Tyres exposed to strong Sun/UV light for long or aged over time makes their rubber hard, leading to reduced CoF. CoF also reduces if it has just rained and again increases if it continues to rain for some time and water gets drained out from the road surface.
Let’s break your query into two now:
Q1. Why do the stock tyres have treads while F1’s don’t, and
Q2. Why is it not recommended to use worn out tyres i.e. that have no tread left.
A1.
F1 tyres for dry tracks do not have any tread for the reasons stated above i.e. max contact area and the fact that F1 tracks are clean - no mud, no dust etc. However, F1 tyres for wet surfaces do have grooves i.e. ‘Ribs’ which run circumferentially on tread, to channel out water so that there’s no water trapped between tread and road. If dry/flat tyres are used on wet tracks, there will be ‘hydro or aquaplaning’, which will result in skidding/loss of control. In reality, public roads are not exactly that flat and free of loose material. There is loose dust, sand, small stones and gravel all over the road.
So in stock tyres, we have to have tread patterns to assist channeling out of water, dirt and air (to reduce ‘rolling noise’) as in reality, we have to drive the same car/tyres in rainy season, on roads with dust particles, surface irregularities, and of course off the road some times. One more thing - to judge a worn out F1 tyre, expert inspection is needed, whereas in real life, any one can see if a treaded-tyre is worn out, tho’ most penny-wise pound-foolish types ignore it and keep on driving until steel wires come out or worse still, till the tube itself starts showing up!
A2.
A worn out tyre has better braking and traction on plain clean roads but it is not recommended to use worn out tyres on Stock as well as F1 vehicles because the roadside tyre-wall thickness reduces considerably.
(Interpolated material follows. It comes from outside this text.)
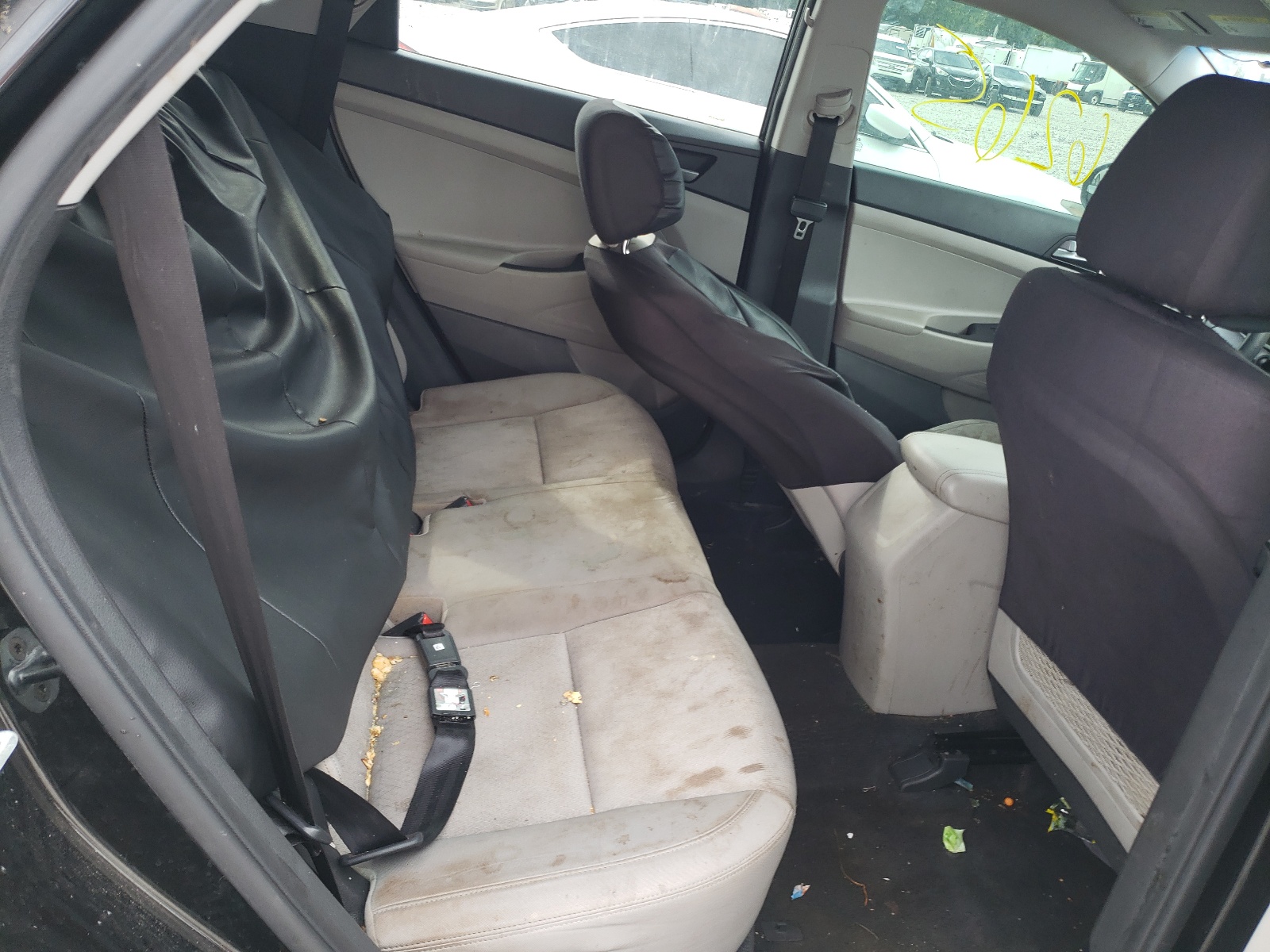 Photo 6 from auction – 2017 HYUNDAI TUCSON LIM with VIN KM8J33A40HU490471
After such a degree of wear, chances of hydroplaning increase manifolds and even if there is no water on road or other obstacles, a tyre can burst due to sheer centrifugal force alone at high speeds.
Further, in Indian road conditions, due to their vulnerability towards cuts and bruises, worn out tyres have more chances of moisture seeping into steel belts, leading to their rusting and consequent loss of adhesion with rubber, causing belt separation and ultimately leading to tyre burst.
To sum-up, for F1 racing, all that matters is ‘grip’ and they’re no bothered about the costs of changing even up to 4-sets during one race that may not last even a few hundred kms. In real life, at average speeds that may not even be 1/10th of the F1, ‘cost per km’ to the owner is the overriding factor and a pax car tyre in India is expected to last at least 40-50 kkm - besides expectation of ‘reasonable’ grip under all possible surfaces that an average motorist is likely to drive on – hence a multitude of ‘tread designs’, each one claiming to be superior than other!